Ray Miles, chief executive officer of CP Ships, noted a “significant increase in profitability of the transatlantic segment.”
Group revenue in the latest quarter rose 12 percent to $841 million, as volume rose 3 percent to 569,000 TEUs and average freight rates increased 8 percent.
However, CP Ships reported a 1-percent fall in average freight rates between the third and fourth quarters of 2003.
The company’s transatlantic revenues jumped 16 percent in the latest quarter, with average rates rising 13 percent and traffic levels up 6 percent to 301,000 TEUs.
CP Ships reported a strong growth in eastbound transatlantic traffic from North America during the fourth quarter, linked to the depreciation of the U.S. dollar, and a “moderate import growth” into North America.
Miles told a conference of investment analysts Thursday that shipload factors in the transatlantic trade have reached about 75 percent eastbound and the “high 80s or 90 percent” westbound.
“Things look quite firm going forward,” added Miles, who expects CP Ships to continue to raise transatlantic rates.

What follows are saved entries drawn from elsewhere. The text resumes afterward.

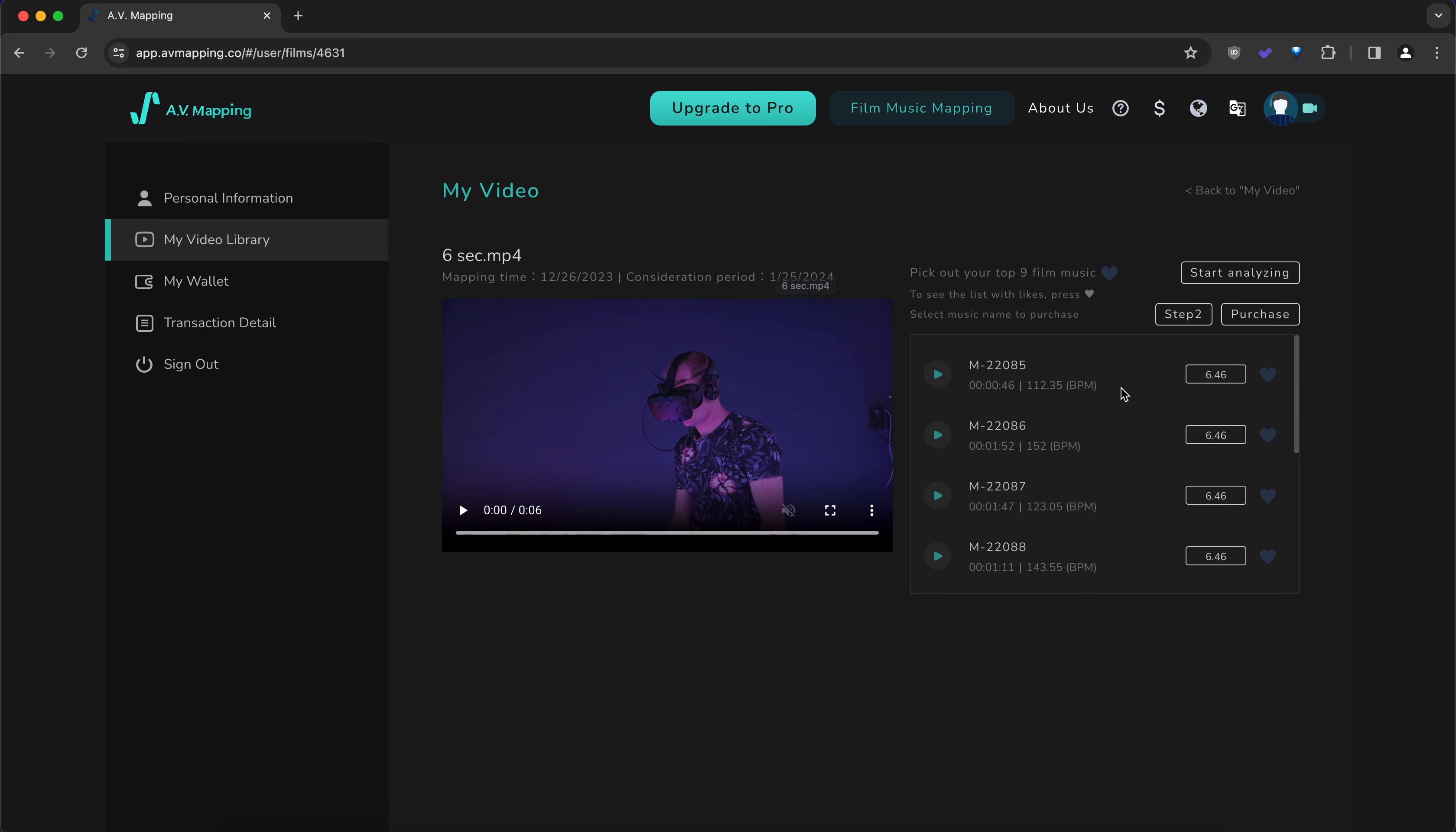Here you can check out your existing recommendations, or you can go to step 2 in the editing mode, or you can analyze again, or you can also directly purchase the tracks.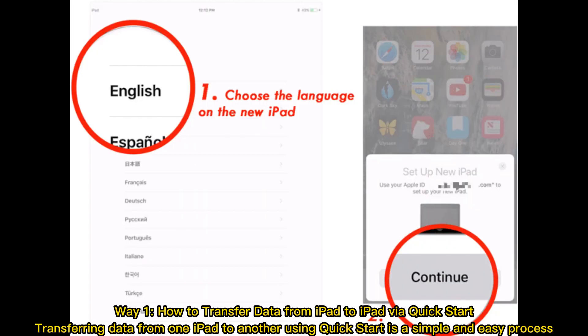Way 1: How to transfer data from iPad to iPad via Quick Start. Transferring data from one iPad to another using Quick Start is a simple and easy process.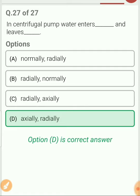So with this I end the MCQ part of pump. Thanks for watching. If you like this video then please share it with your friends and subscribe to my channel.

CP Ships, the largest group in the Atlantic trade, is the parent company of Canada Maritime, Cast, Lykes Lines, TMM Lines, Italia Line, Contship Containerlines and ANZDL.
CP Ships also reported an operating loss of $6 million in the fourth quarter from its Asian services, and higher volumes in the Asia/Americas trade lane. Underlying average freight rates in the Asian trades were 8 percent lower than in the third quarter, due mainly to a planned increase in lower margin import volume from North America to Asia, as well as the effect of seasonally weaker export freight rates from Asia, the company said.
For the year, operating income before exceptional items rose to $131 million from $83 million in 2002. Return on average capital employed increased to 7.3 percent in 2003 from 5.7 percent in 2002. Net income last year increased 58 percent to $82 million from $52 million in 2002, although this was still below the $135 million net income earned in 2000.
“With record operating income in the fourth quarter and up nearly 60 percent for the full year, and record volume and sales revenue for both the quarter and the year, we consider these to be outstanding results,” Miles said.
Revenue for 2003 rose 15 percent to $3.1 billion, as CP Ships’ container carryings increased 9 percent to 2.2 million TEUs, and average freight rates rose 7 percent, reflecting improved market conditions in most trade lanes.
Miles noted cost pressures on CP Ships from higher vessel charter rates and the adverse effect on costs of the weaker U.S. dollar. In 2003, CP Ships’ cost per TEU was up by 6 percent, despite $75 million of cost reductions.
CP Ships said continued strong volume and further freight rate improvements in 2004 will outweigh the negative effect of a weaker dollar and higher charter renewals. Earnings in 2004 will exceed those of 2003, the company said.